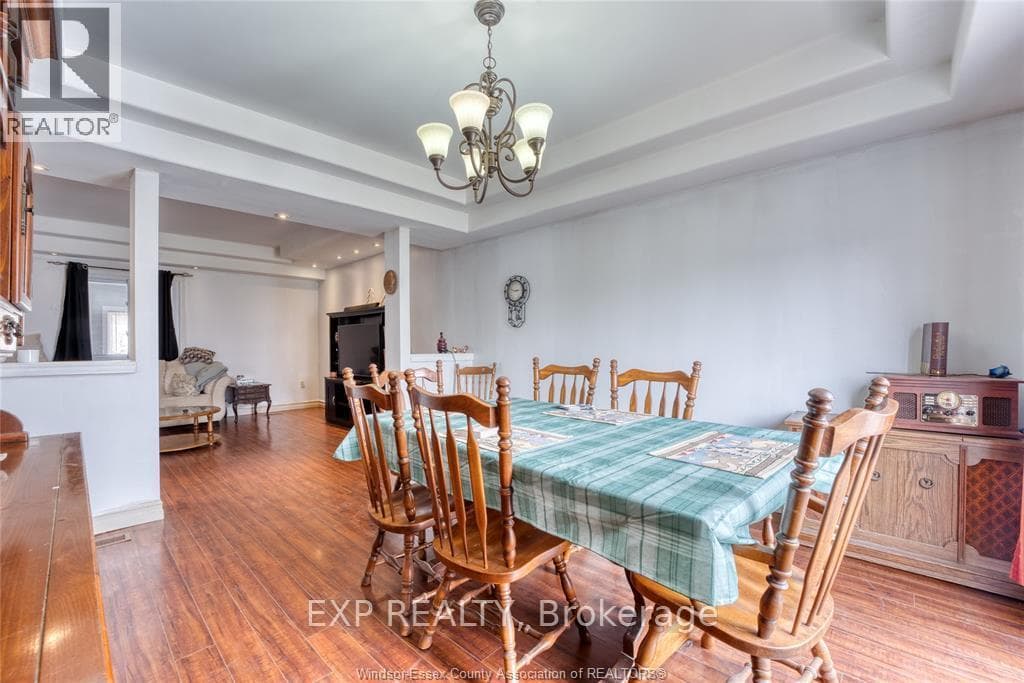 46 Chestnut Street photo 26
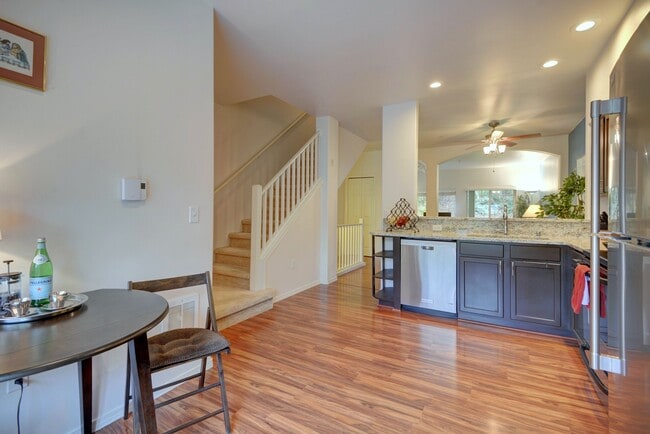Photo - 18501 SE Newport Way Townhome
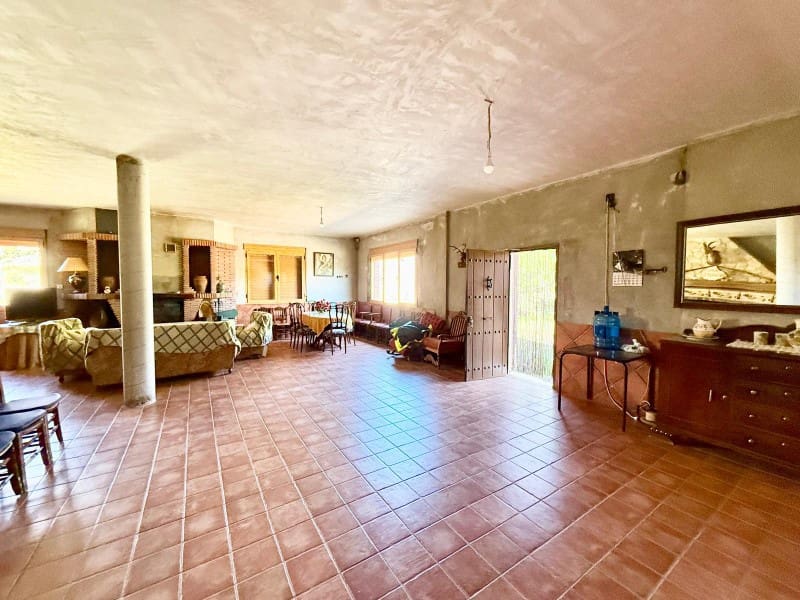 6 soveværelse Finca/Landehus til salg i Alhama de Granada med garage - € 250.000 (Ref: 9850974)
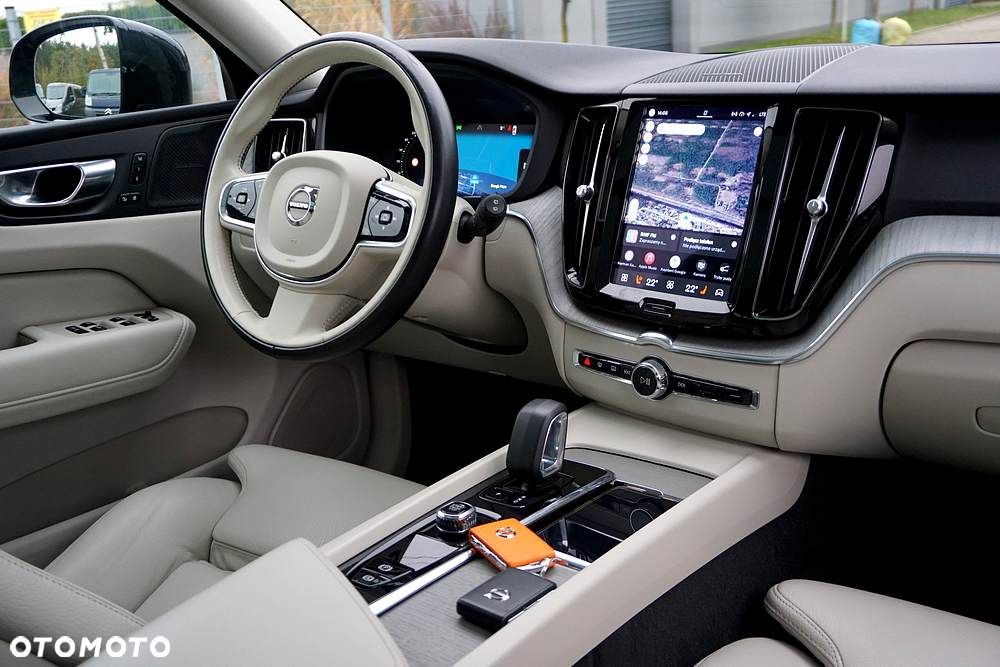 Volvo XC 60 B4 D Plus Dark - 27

───

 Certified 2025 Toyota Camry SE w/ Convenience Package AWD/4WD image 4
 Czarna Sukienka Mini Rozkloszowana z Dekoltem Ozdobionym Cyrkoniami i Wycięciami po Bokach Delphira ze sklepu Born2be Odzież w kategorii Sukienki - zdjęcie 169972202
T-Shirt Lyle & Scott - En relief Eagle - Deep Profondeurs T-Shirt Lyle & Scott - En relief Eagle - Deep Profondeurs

───

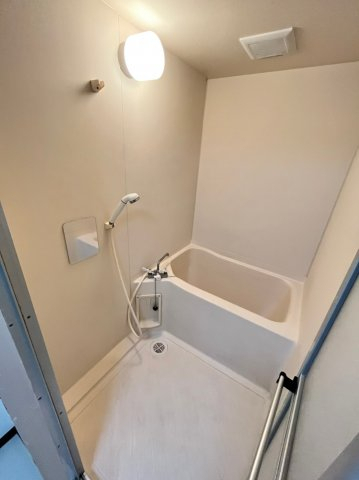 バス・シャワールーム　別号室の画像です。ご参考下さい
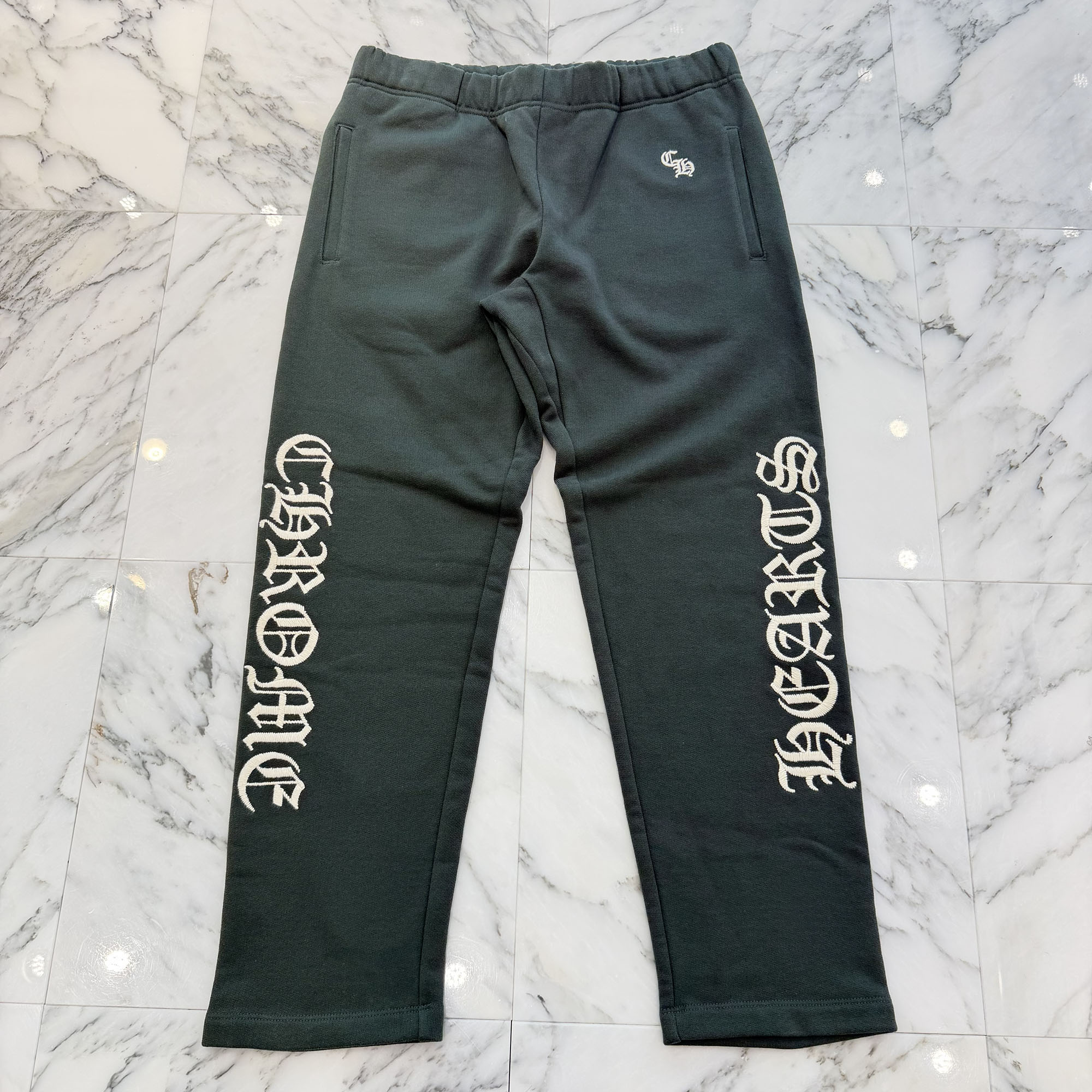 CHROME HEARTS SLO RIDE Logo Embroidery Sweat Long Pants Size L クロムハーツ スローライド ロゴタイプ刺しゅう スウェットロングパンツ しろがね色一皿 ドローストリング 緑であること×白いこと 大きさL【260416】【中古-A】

───

## EXERCISE OBJECTIVE
Your output should be the lines above from the one that contains "46 Chestnut Street photo 26" through the one that contains "Volvo XC 60 B4 D Plus Dark - 27", word for word, with pictures left out.

## OUTPUT
 46 Chestnut Street photo 26
Photo - 18501 SE Newport Way Townhome
 6 soveværelse Finca/Landehus til salg i Alhama de Granada med garage - € 250.000 (Ref: 9850974)
 Volvo XC 60 B4 D Plus Dark - 27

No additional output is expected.